Please, Please, Please Stop!

Regardless of your side on the relevant StudLife op-ed debate, it’s clear that Sabrina Carpenter is that good at arousing feelings among college students. Last week, the WashU Department of Psychology tested just how aroused students can get: over three weeks, students in Psych 100 listened to songs from “Short n’ Sweet” while completing their everyday tasks such as homework, exercise, and reading 100,000 words of erotic omegaverse fanfiction. Levels of arousal were measured through biometric and self-report as well as behaviors such as moving it down, left, right. We interviewed researchers and participants to get a Taste of their experiences.

“From Spotify to Tiktok to Fun Fridays at the DUC, our students can’t catch a break from this five-foot femme fatale. We need to be studying what this does to a person.” explained researchers.

“I was taking the 111 exam when Espresso started playing,” an anonymous student said. “All the p-orbitals started to look so… phallic.” 
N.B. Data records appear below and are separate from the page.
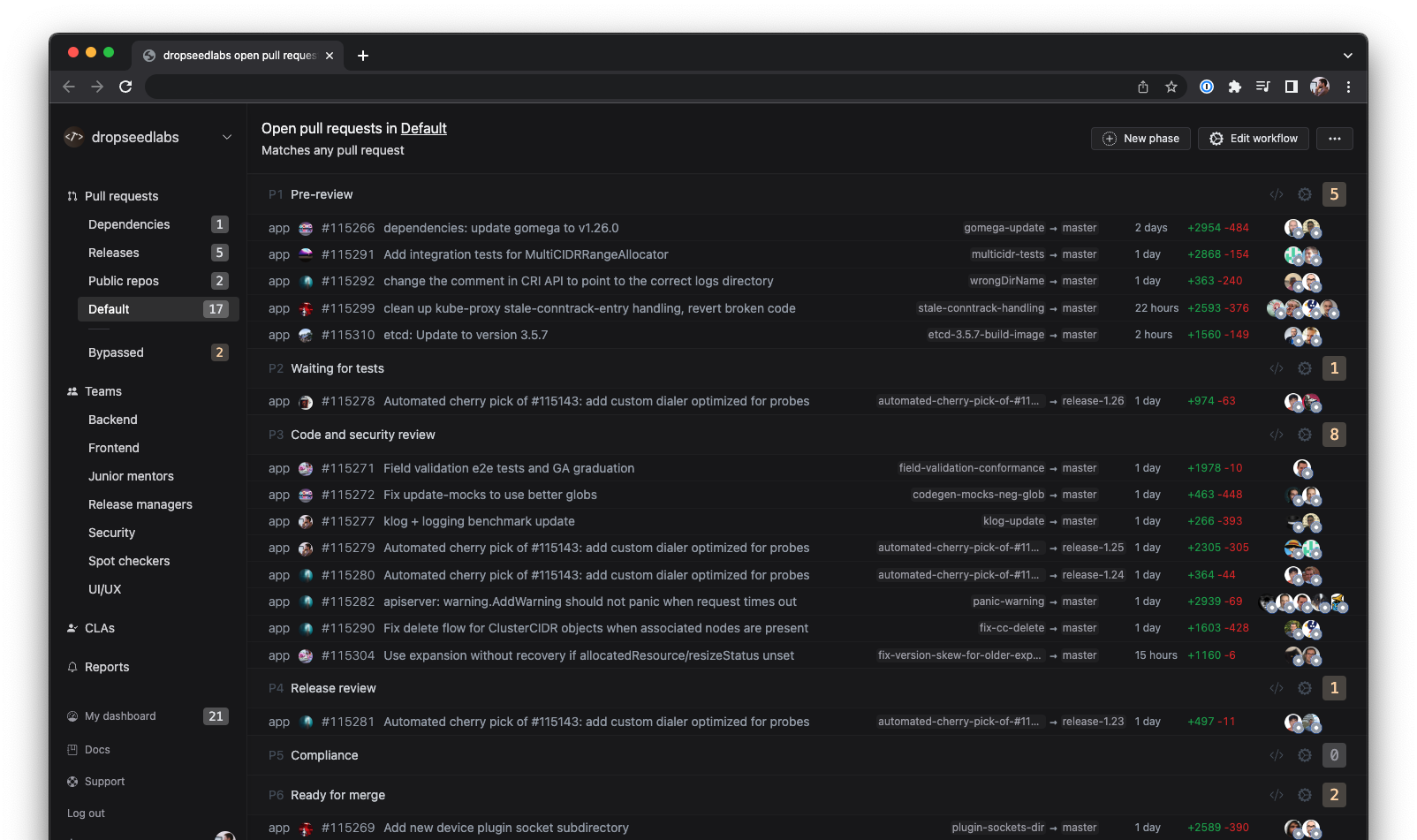 Pull request dashboard for GitHub organizations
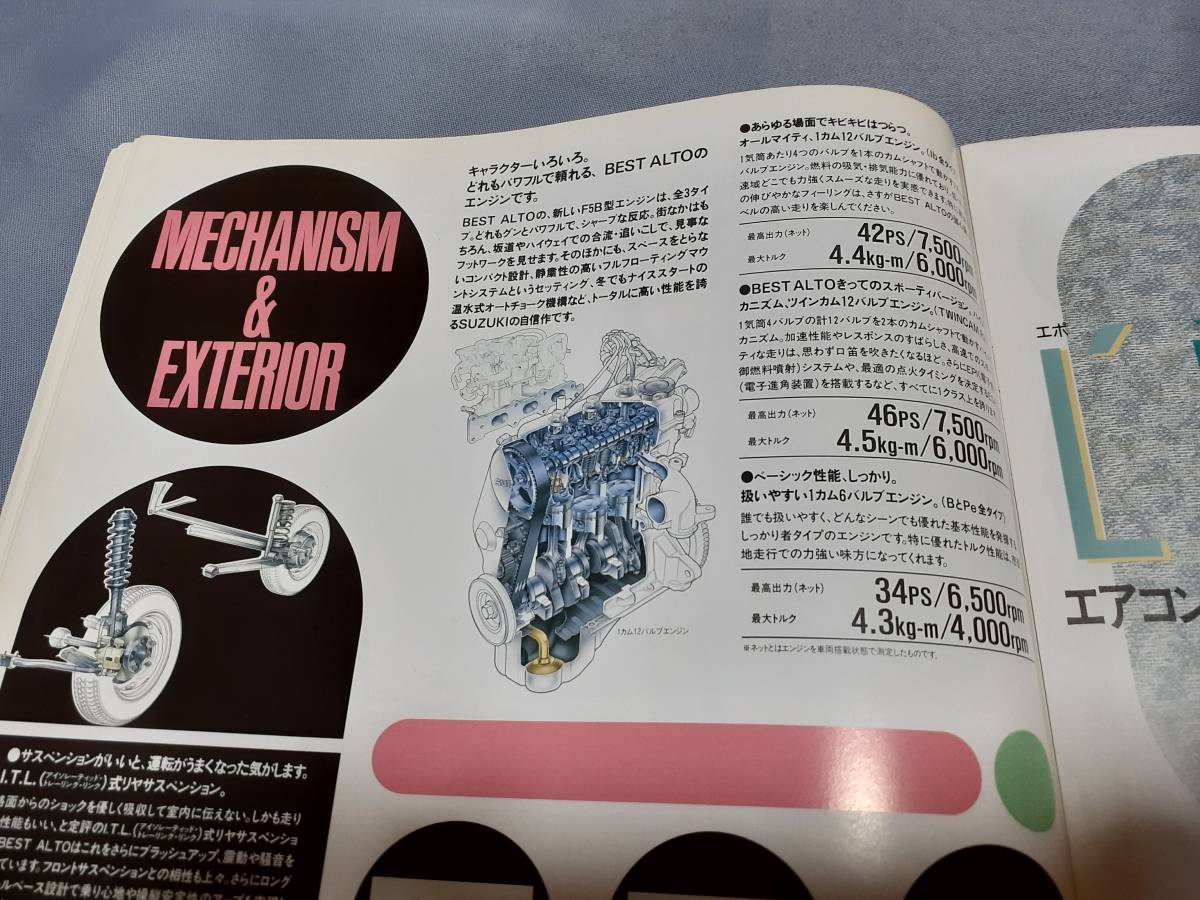 スズキ　アルト　550cc　（1988年9月）のカタログです。_画像4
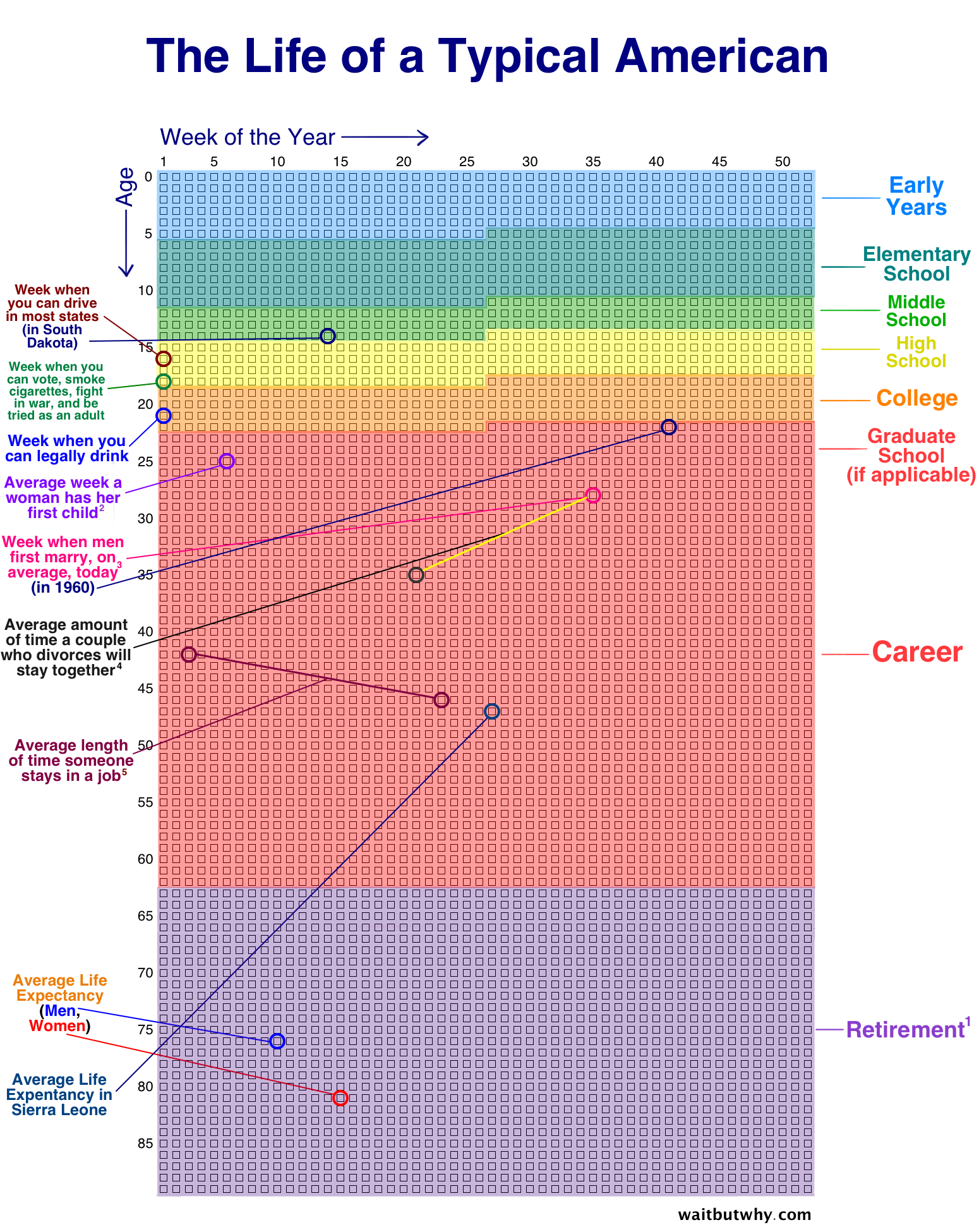 What Is The Average Life Expectancy Of An African American Male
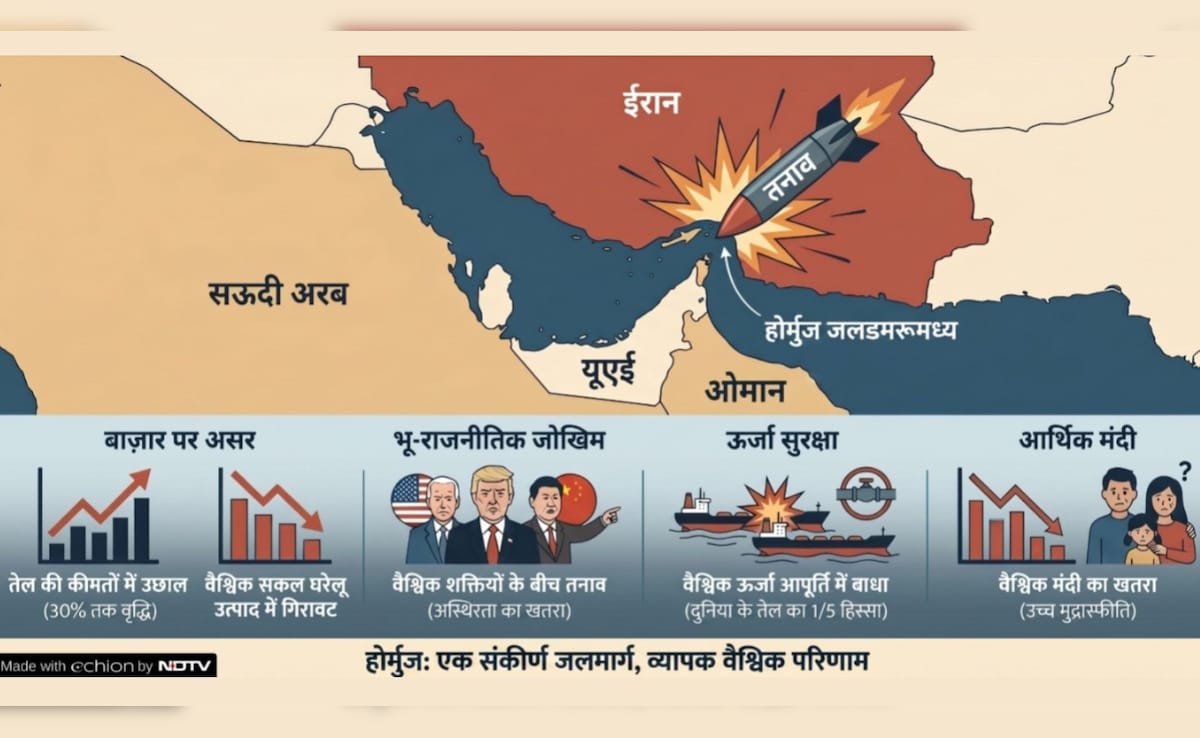 अमेरिका बिल्कुल सही था... ईरान के पास 'परमाणु हथियार' तो हैं, लेकिन ये बम नहीं कुछ और ही है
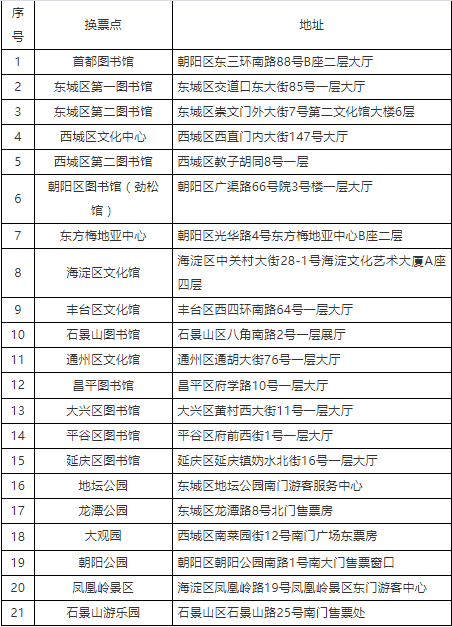 副中心将办运河文化庙会 今天20点起免费抢票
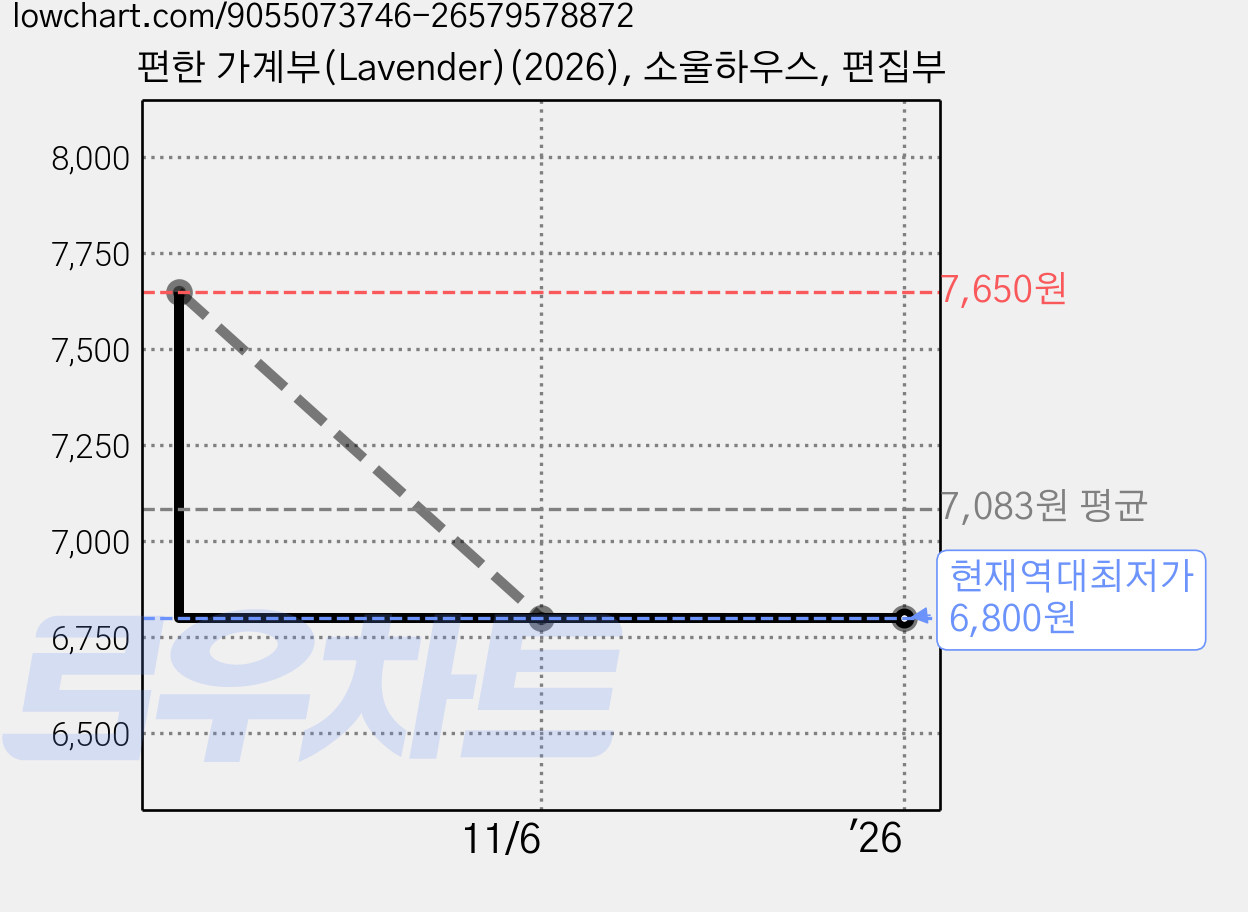 편한 가계부(Lavender)(2026), 소울하우스, 편집부 가격 변동 차트, 현재가 6,800원, 역대최저가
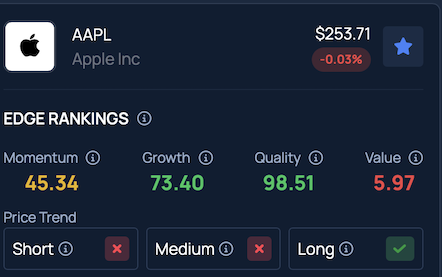 Gavin Newsom Hails Apple’s ’50 Years Of Innovation’ As Tesla, Chevron, McKesson Leave California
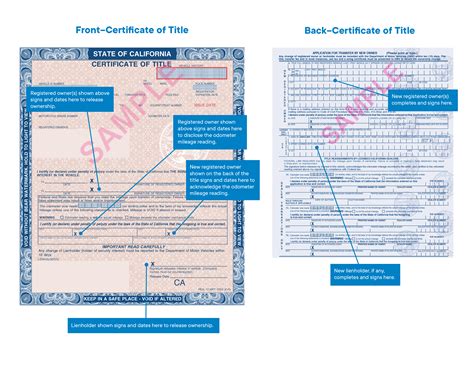 How To Transfer Car Title With Lien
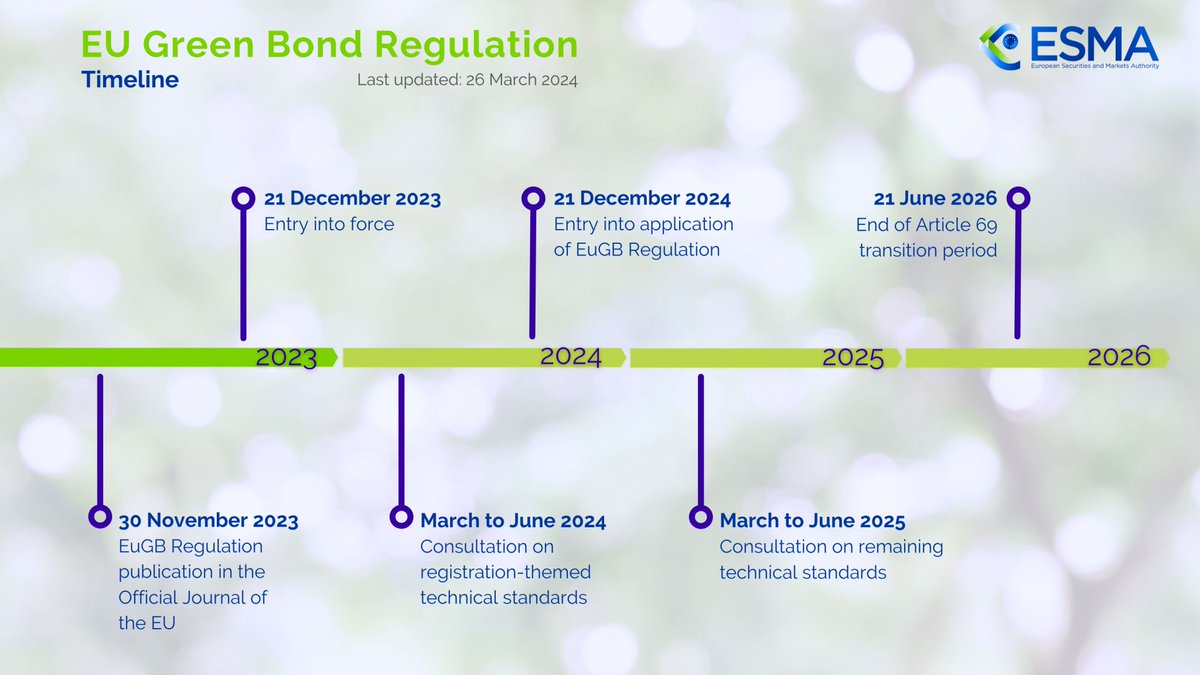 Eurosif's tweet photo. 🌱 @ESMAComms is consulting on Draft Regulatory Technical Standards (RTS) related to the registration and supervision of external reviewers under the EU Green Bond Regulation (#EuGB).

📅 The deadline to respond is 14 June 2024.

🔗 Read more here: https://t.co/eHK164zqu1 https://t.co/lzpzLyN2vl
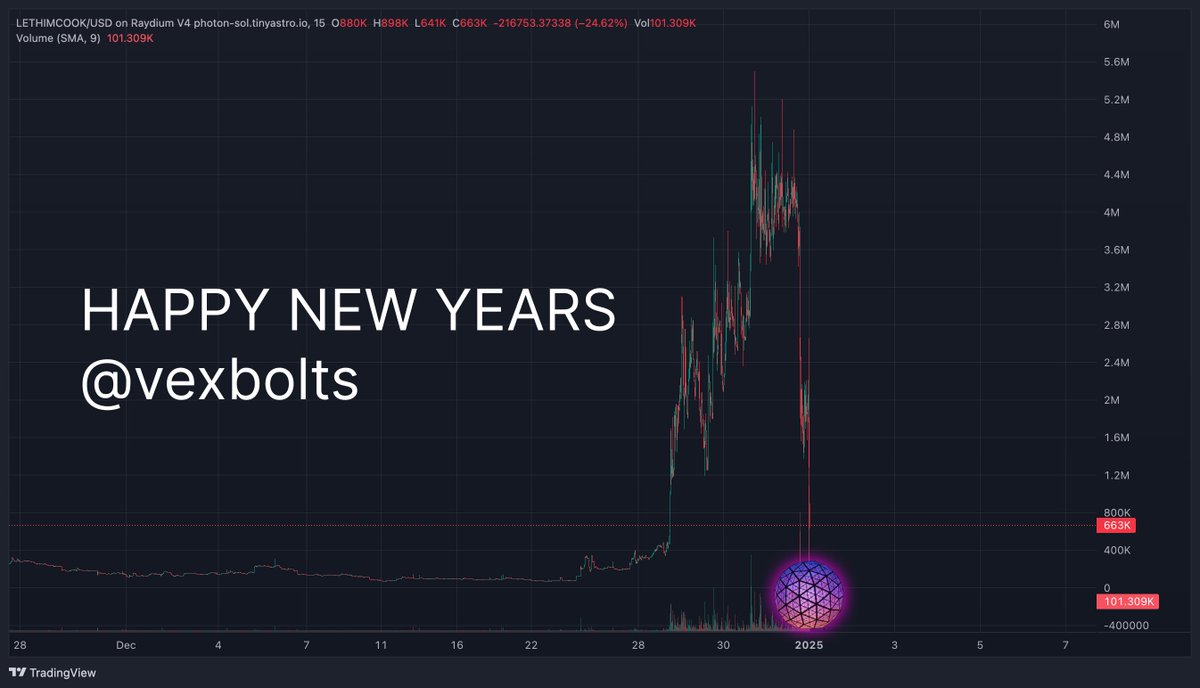.<a href="/Vexbolts/">Vexbolts</a> 

Happy New Years!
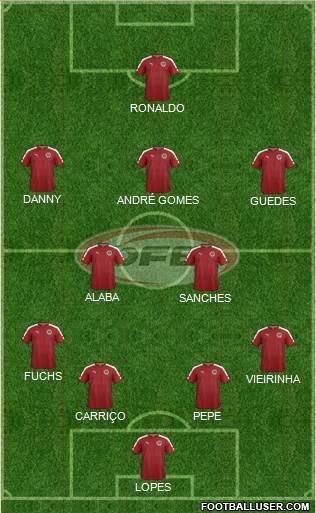 Austria Formation 2016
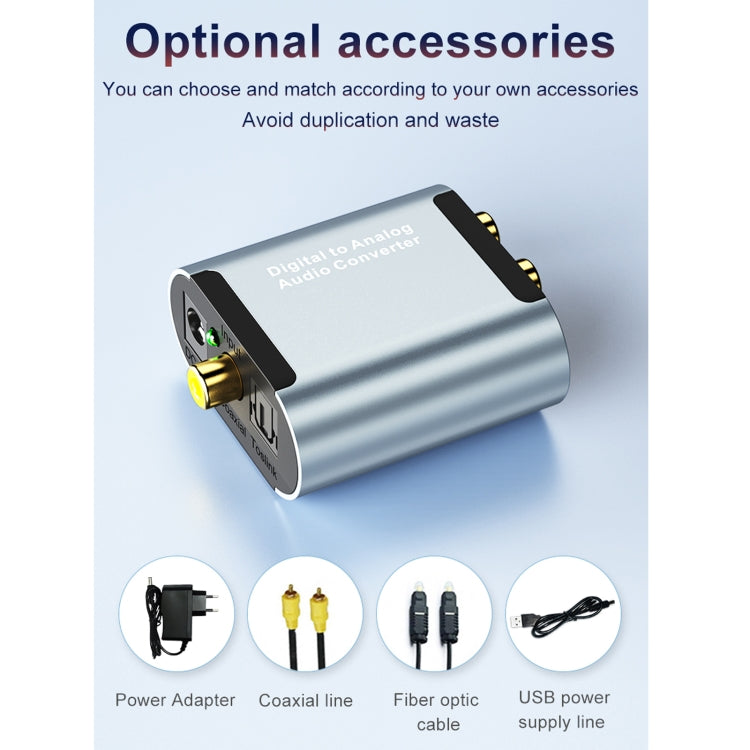 Convertidor de audio digital a analógico HW-25DA
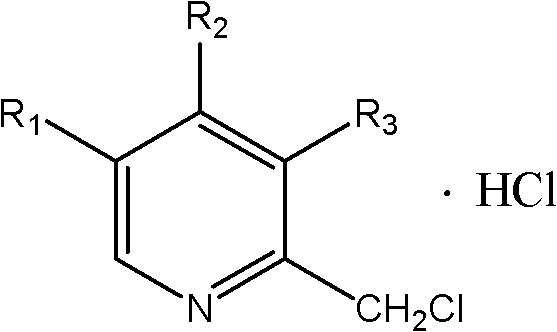 Synthetic method of chloromethylpyridine or pyridine derivative hydrochloride of chloromethylpyridine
A group of professors banded together after suspecting that it was no Coincidence that half their students missed exams on the day of the Sabrina concert last week. It was later reported that WashU students were apprehended for howling and attempting to climb on stage, falling further out of Good Graces.

In response, the Catholic Student Center created The Carpenter Initiative in order to reshape these troubled young minds, streaming Girl Meets World in Graham Chapel every Monday at 6 pm while giving students the chance to take communion wafers and accept Jesus Christ into their lives.

Community members hope this research will lead students to experience “a normal amount” of arousal or at least like chill out on Sidechat a little. In any case, it’s clear Sabrina’s clever sexual innuendo and catchy melodies have left a mark on Billboard’s Hot 100 and the hallowed halls of our horny campus.